Es handelt sich um ein Offizialdelikt und wird auch ohne Strafantrag der Religionsgemeinschaft verfolgt.

Kritik

Aus kriminalpolitischer Sicht wird bisweilen bezweifelt, ob ein strafrechtlicher Schutz nötig ist. Eine Ordnungswidrigkeit sei ausreichend. Letztlich sei es die Kriminalisierung eines Tabus.[13]

Auch wird teilweise der Verweis auf das Grundgesetz und der der daraus abgeleitete Schutzanspruch kritisiert, da Absatz 1 Nr. 2 mit diesem nicht harmoniere. Wenn beschimpfender Unfug verübt werde, sei die Religionsausübungsfreiheit nicht zwangsläufig eingeschränkt. Außerdem seien andere grundrechtlich geschützte Verhaltensweisen auch nicht vom Strafrecht geschützt. Die Strafbarkeit sei zweifelhaft.[1]

Beispiele

Im Dezember 2014 wurde die zum Tatzeitpunkt der Gruppe Femen zugehörige Aktivistin Josephine Witt zu einer Geldstrafe von 60 Tagessätzen zu je 20 Euro wegen der Störung der Religionsausübung verurteilt, weil sie während eines Weihnachtsgottesdienstes im Kölner Dom 2013 nur mit einem Lendenschurz bekleidet auf den Altar gesprungen war, während die Worte „I am God“ (engl. für „Ich bin Gott“) auf ihren Oberkörper geschrieben waren und sie dort antichristliche Glaubensbekenntnisse skandierte.[14]
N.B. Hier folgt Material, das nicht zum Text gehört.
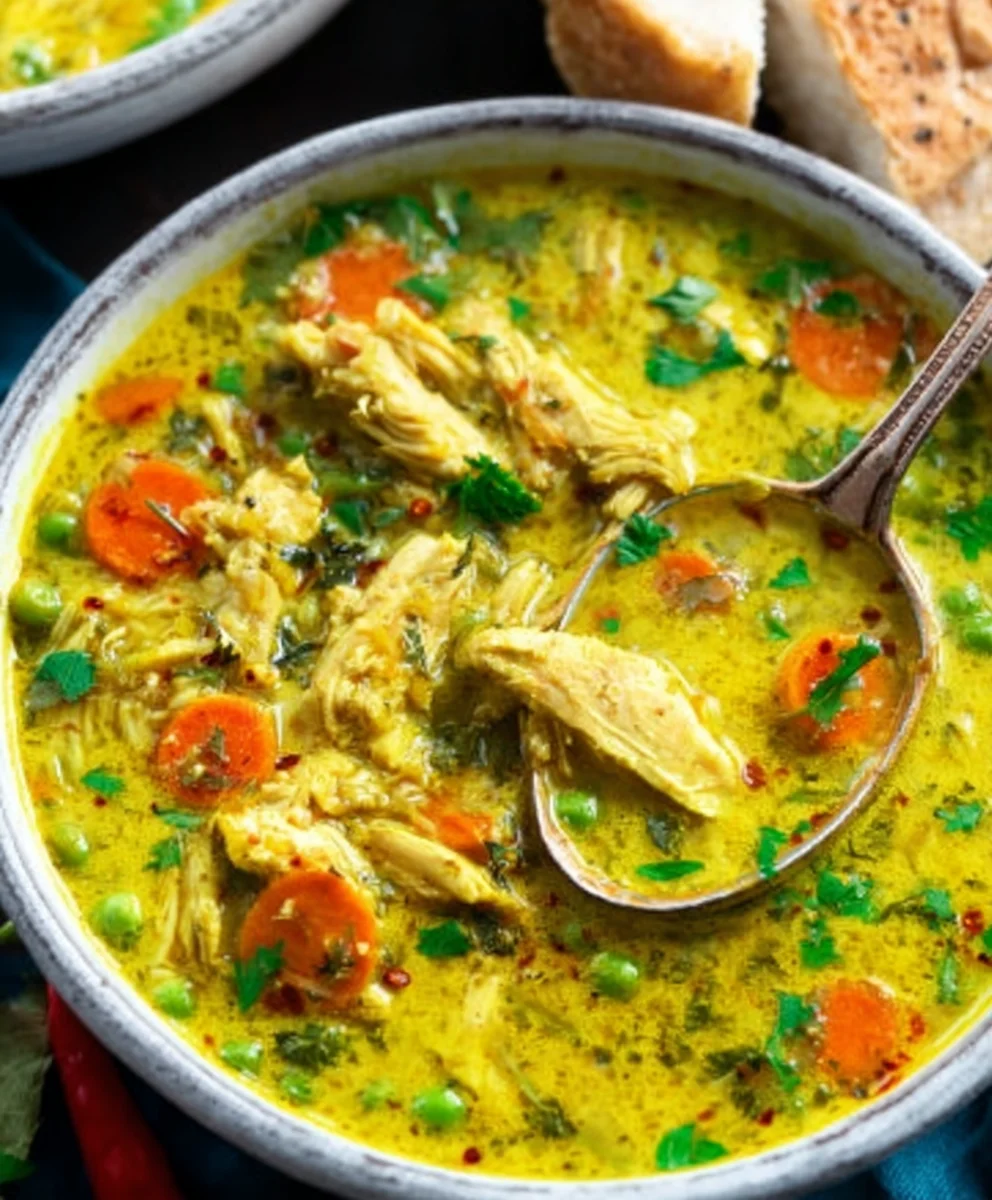 Anti Inflammatory Turmeric Chicken Soup - Soothing & Flavorful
Im Januar 2016 stieg der Performancekünstler Alexander Karle über eine Absperrkordel in den Altarraum der katholischen Basilika St. Johann in Saarbrücken, um auf dem dortigen Altar 26 Liegestütze zu machen. Seine Aktion filmte er und veröffentlichte das Video unter dem Titel „pressure to perform“ (d. h. deutsch: „Leistungsdruck“) in Schaufenstern. Mit der Handlung wollte er seine kritische Einstellung gegenüber der Leistungsgesellschaft zeigen, der eben nichts mehr heilig sei. Zum Zeitpunkt der Aktion fand in der Kirche kein Gottesdienst statt. Dennoch wurde Karle in erster Instanz vom Amtsgericht Saarbrücken wegen Störung der Religionsausübung und Hausfriedensbruch verurteilt, in zweiter Instanz erkannte das Landgericht nur auf Hausfriedensbruch,[15] in dritter Instanz wurde er vom Oberlandesgericht jedoch wiederum wegen Störung der Religionsausübung und Hausfriedensbruch verurteilt. Zugleich titulierte das Oberlandesgericht die Aktion als „beschimpfenden Unfug“.[16] Das Landgericht Saarbrücken setzte daraufhin eine Geldstrafe von 600 Euro fest.[17]

Österreich

In Österreich ist die Störung einer Religionsübung in § 189 StGB unter Strafe gestellt. Die Tat kann dabei mit Geldstrafe bis zu 360 Tagessätzen oder mit Freiheitsstrafe bis sechs Monate bestraft werden. Wenn bei der Tatausführung Gewalt angewandt wurde, ist eine Freiheitsstrafe bis zu zwei Jahren möglich.

Schweiz

In der Schweiz gibt es keine derartige Strafvorschrift, jedoch wird die Störung der Glaubens- und Kultusfreiheit nach Art. 261 StGB mit Geldstrafe bestraft.